* [Required work]: Given the material below, output exactly the lines from the line with "Lacoste Contrast Correa" to the line with "Blue & Red Medieval", both ends included, and no other lines.
====== Data shown ======
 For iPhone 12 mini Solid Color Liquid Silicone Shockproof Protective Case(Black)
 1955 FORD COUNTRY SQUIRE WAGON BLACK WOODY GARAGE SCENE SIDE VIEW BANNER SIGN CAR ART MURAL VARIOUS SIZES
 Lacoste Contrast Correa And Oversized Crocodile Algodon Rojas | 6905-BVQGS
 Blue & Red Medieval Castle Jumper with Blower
======
====== Data shown ======
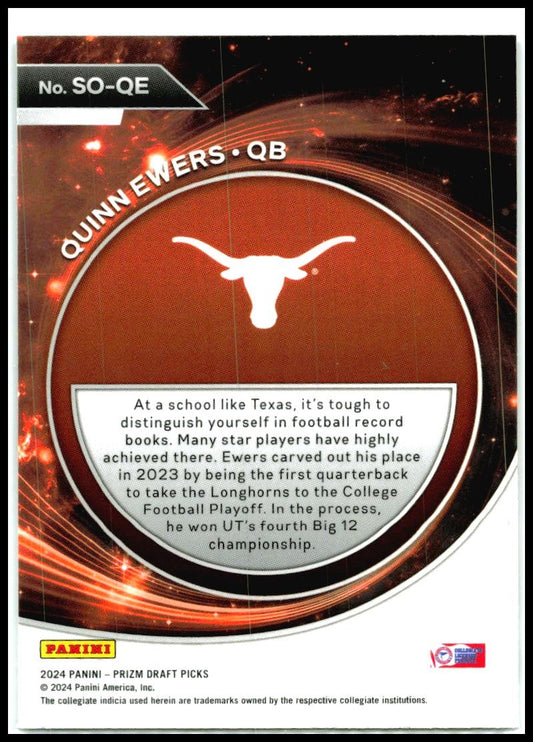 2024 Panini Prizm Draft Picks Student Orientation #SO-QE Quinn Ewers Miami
======
* [Answer below]:
 Lacoste Contrast Correa And Oversized Crocodile Algodon Rojas | 6905-BVQGS
 Blue & Red Medieval Castle Jumper with Blower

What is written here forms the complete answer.